What is being asked: Copy only those lines which run from the line containing "Woman drinking coffee" to the end of the entries below, both inclusive, exactly as written and with no pictures.

Data section:
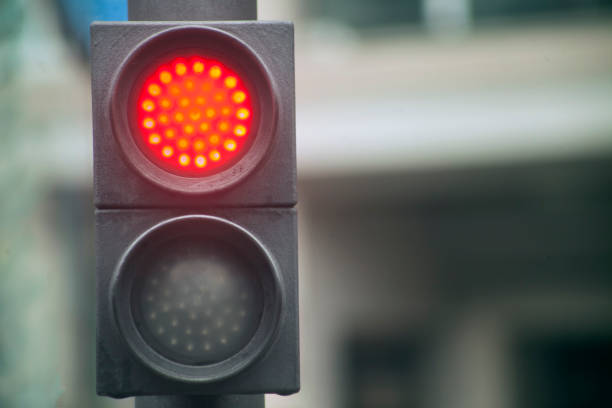 istock Small red traffic light for pedestrians. 1266956454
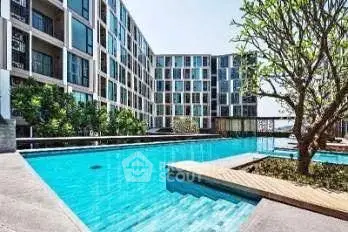 Modern apartment complex with a stunning outdoor pool and lush greenery.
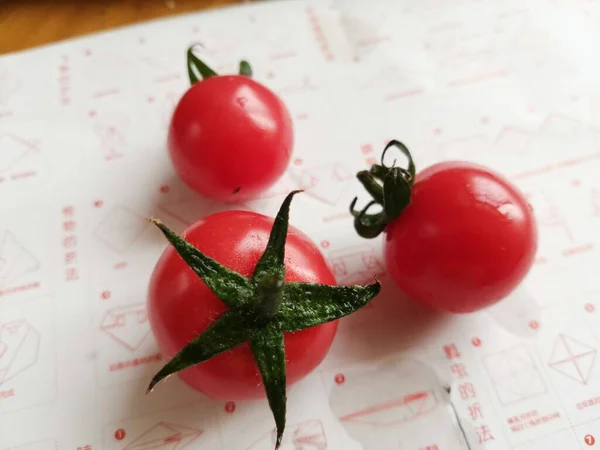 tomato and cherry tomatoes on a white background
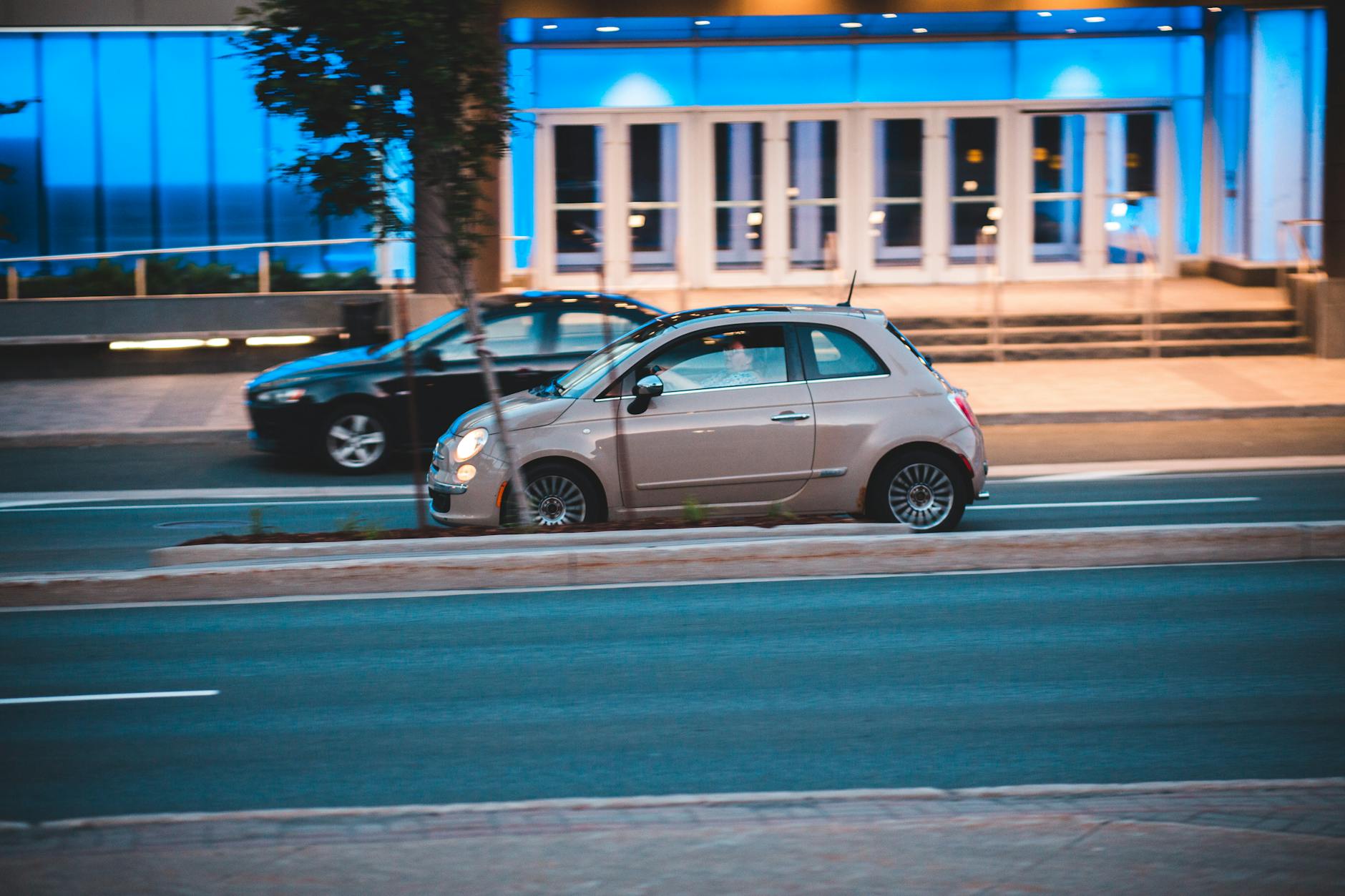 Fiat 500 jedzie nocą obok nowoczesnego, niebiesko oświetlonego biurowca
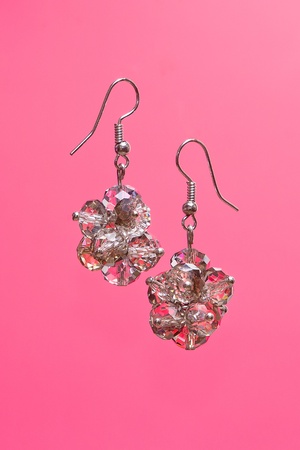 Shining elegant modern earrings with zircons on pink backgroundの写真素材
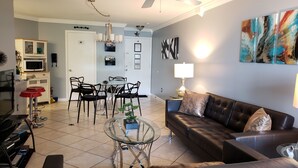 A modern living room with a glass coffee table, a brown leather sofa, and a dining area with a glass table and chairs. -  Condo/apt. near Disney, Universal, 3 pools, WIFI,free Parking !  (Florida)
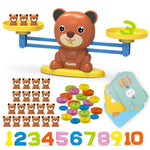 Balancing bear toy with additional items including teddy bear figures, colorful buttons, and number cards on a white background.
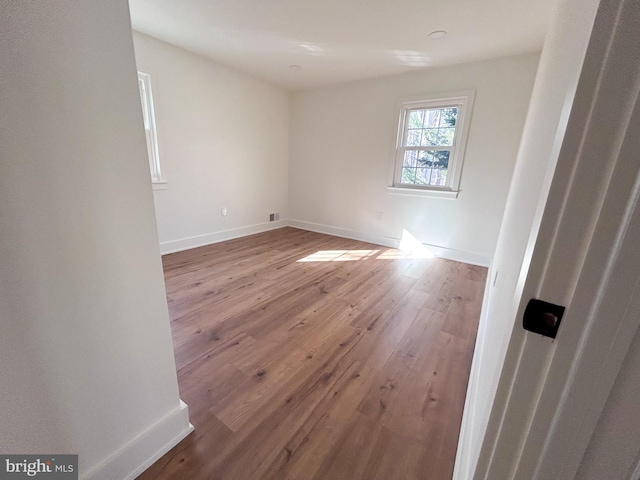 unfurnished room with light hardwood / wood-style flooring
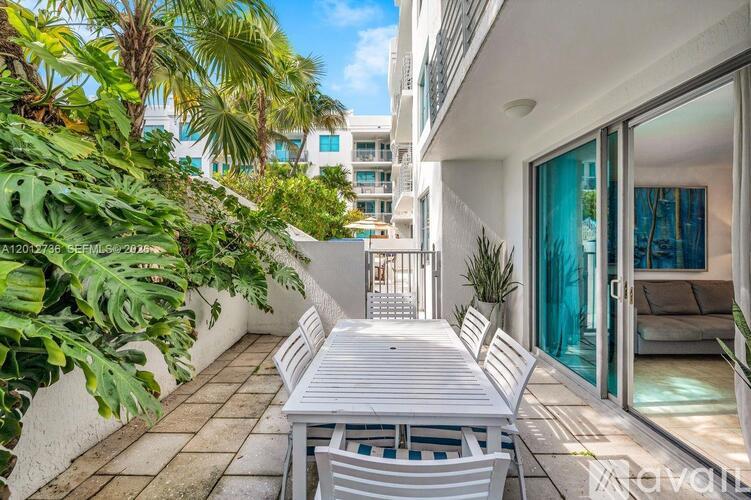 A white table and chairs are on a patio with a glass door and a plant.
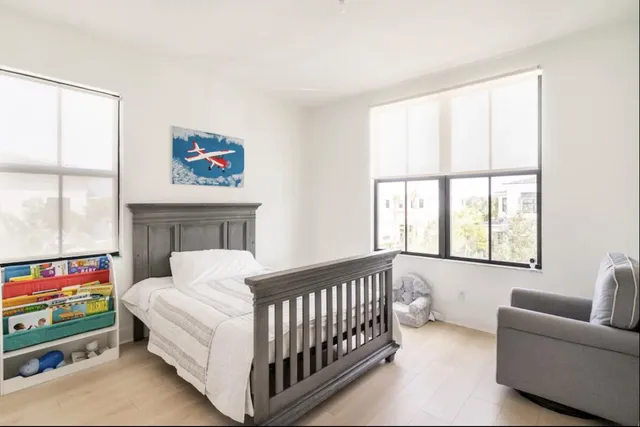 a bedroom with furniture and a window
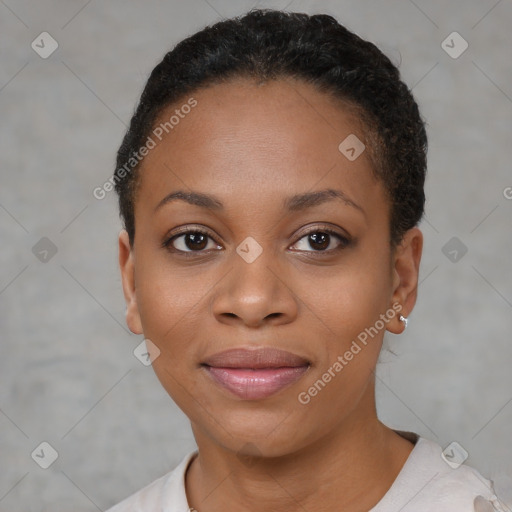 Joyful black young-adult female with short  black hair and brown eyes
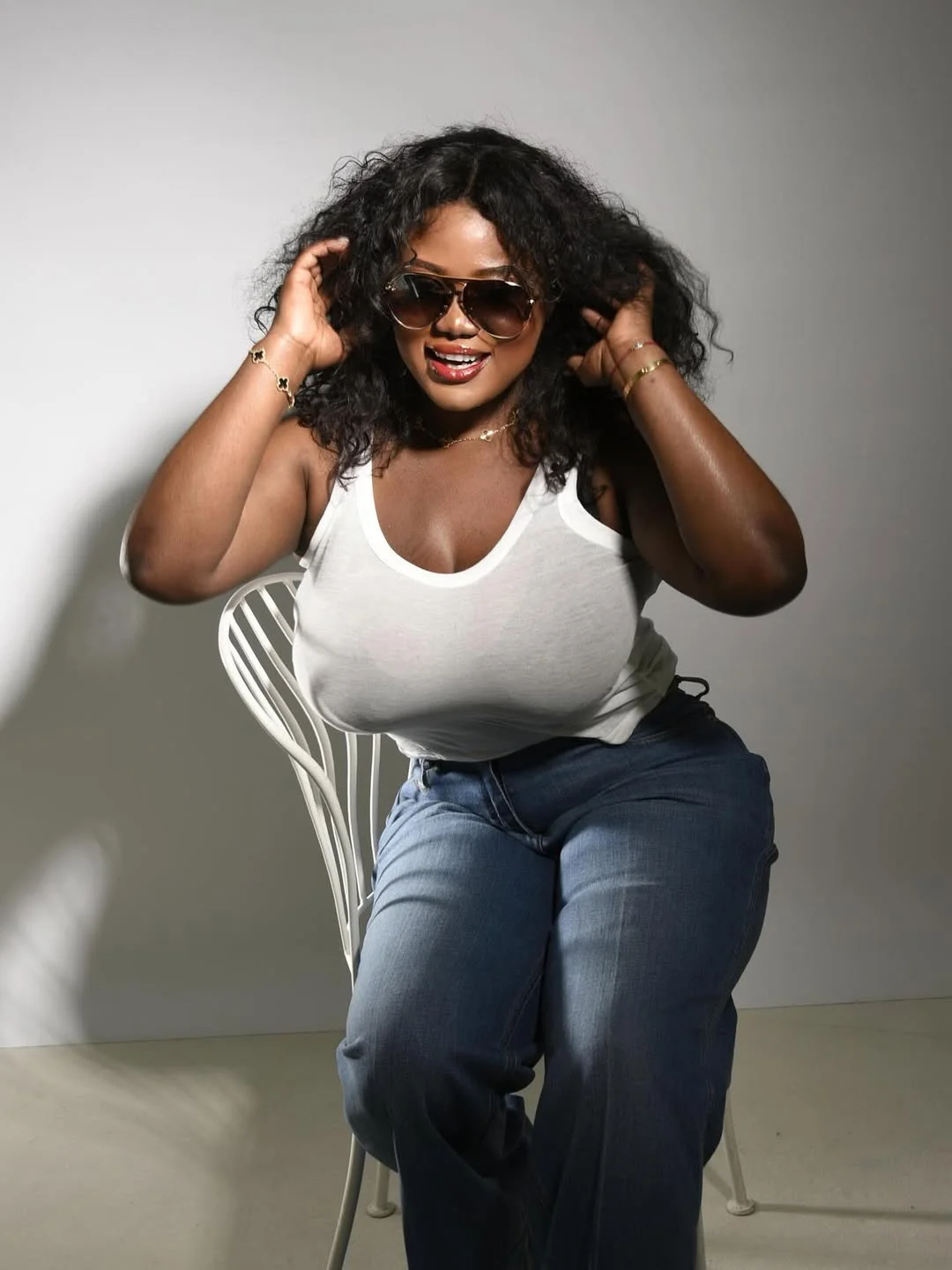 summer haircuts for plus size women Glossy Curly Volume With A Shoulder-Grazing Finish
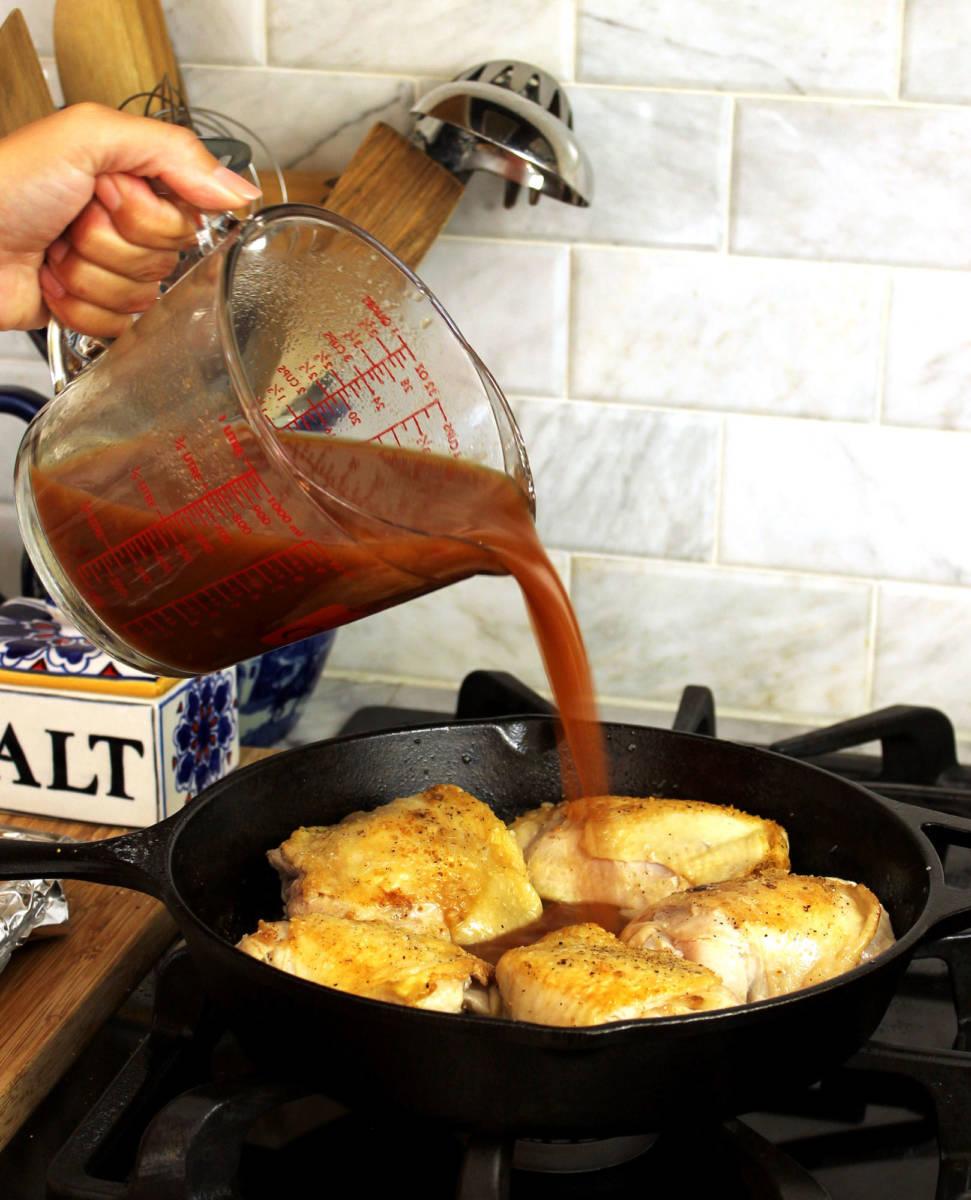 Pepper & Onion Relish Chicken image   hand pouring relish onto chicken in a skillet on a stove.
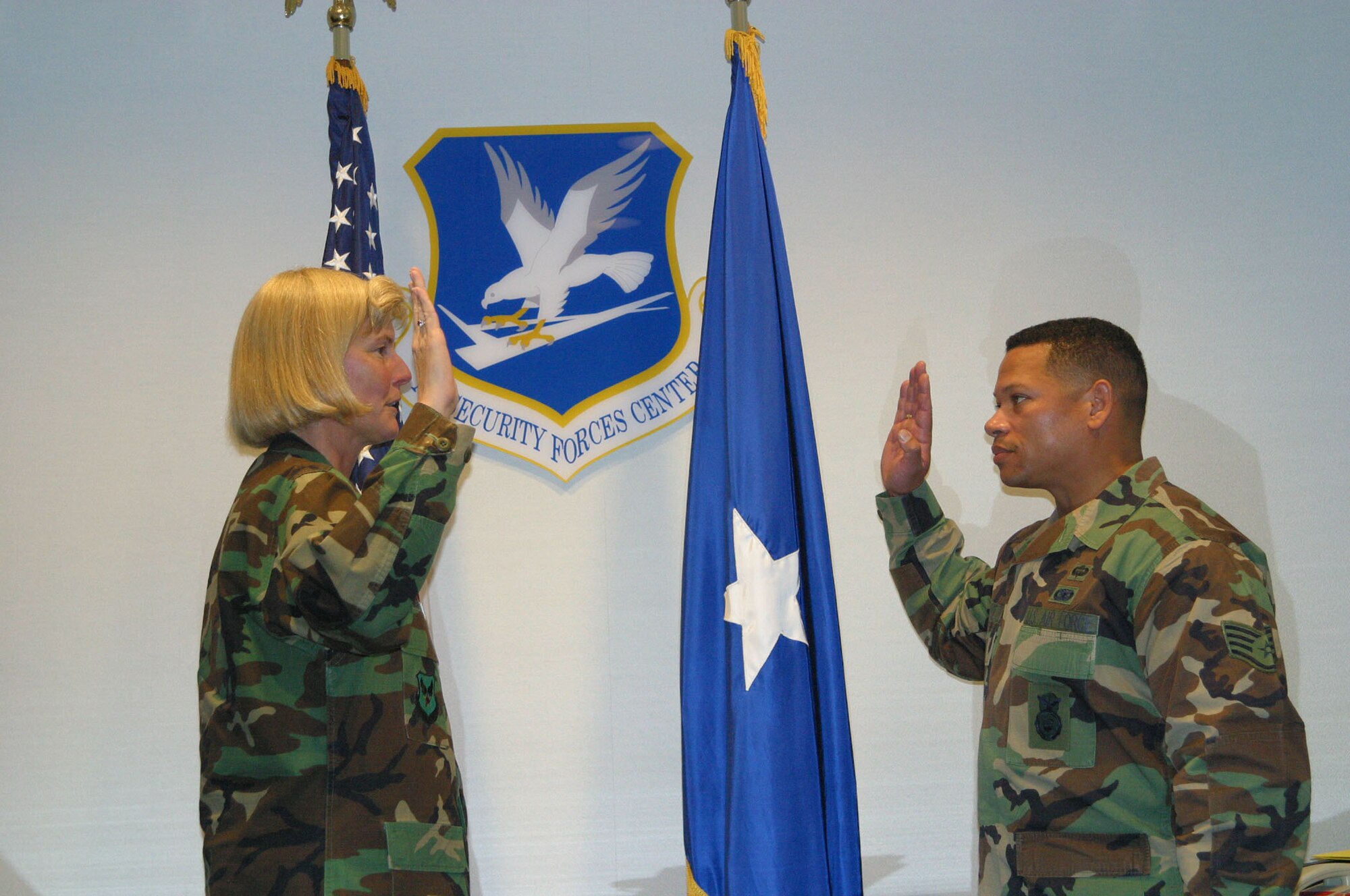 Brig. General Mary Kay Hertog, Director of Security Forces, Headquarters U.S. Air Force, Washington, D.C., administers the oath of office to Staff Sgt. Oliver George as he is promoted to the rank of Captain. Captain George, formerly the career advisor for the 433rd Security Forces Squadron is now the Officer-in-charge of the 433rd Explosive Ordnance Disposal Flight. Additionally, Captain George is serving on active-duty as an Action Officer in the Requirements Branch at the Headquarters Security Forces Center. (U.S. Air Force/Courtesy Photo)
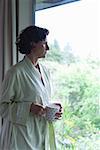 Woman drinking coffee and looking out window in the morning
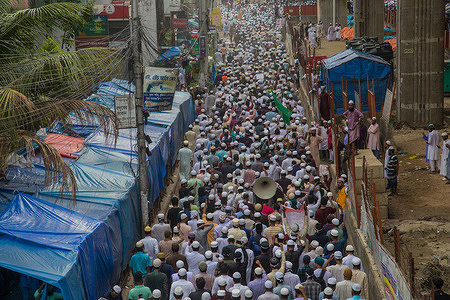Activists of Islami Andolan Bangladesh, an Islamist political party, participate in a procession to protest against former Indian BJP spokeswoman Nupur Sharma over her blasphemous comments on Prophet Mohammed in Dhaka on June 10, 2022.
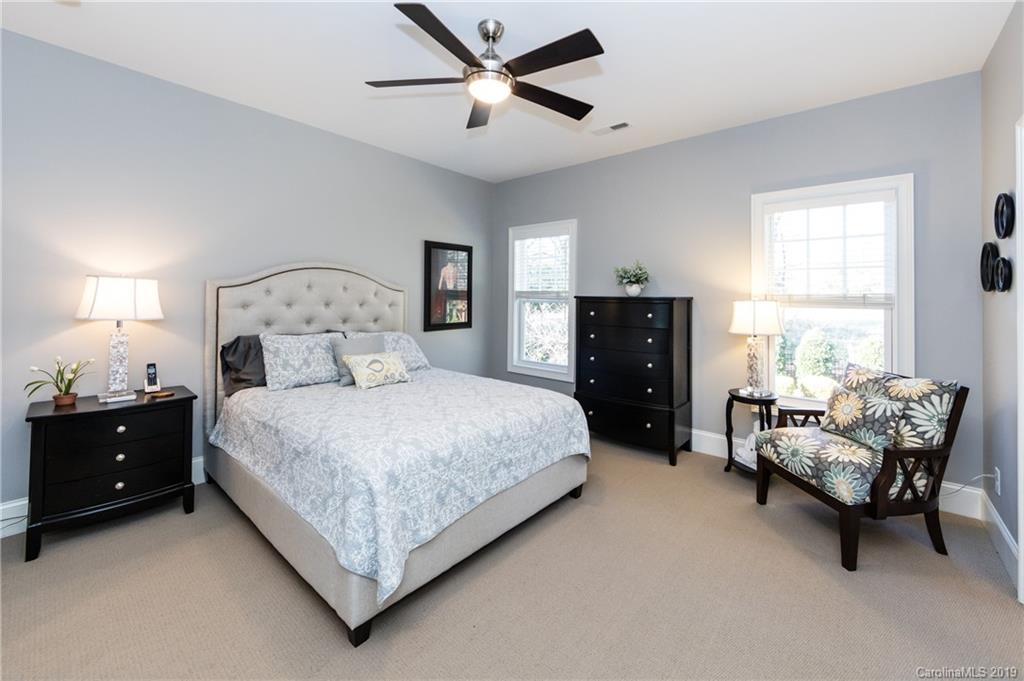 16905 Red Cow Road Charlotte, NC 28277 - Photo 30 of 47 a bedroom with a bed and a couch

Solution to this exercise:
 Woman drinking coffee and looking out window in the morning
Activists of Islami Andolan Bangladesh, an Islamist political party, participate in a procession to protest against former Indian BJP spokeswoman Nupur Sharma over her blasphemous comments on Prophet Mohammed in Dhaka on June 10, 2022.
 16905 Red Cow Road Charlotte, NC 28277 - Photo 30 of 47 a bedroom with a bed and a couch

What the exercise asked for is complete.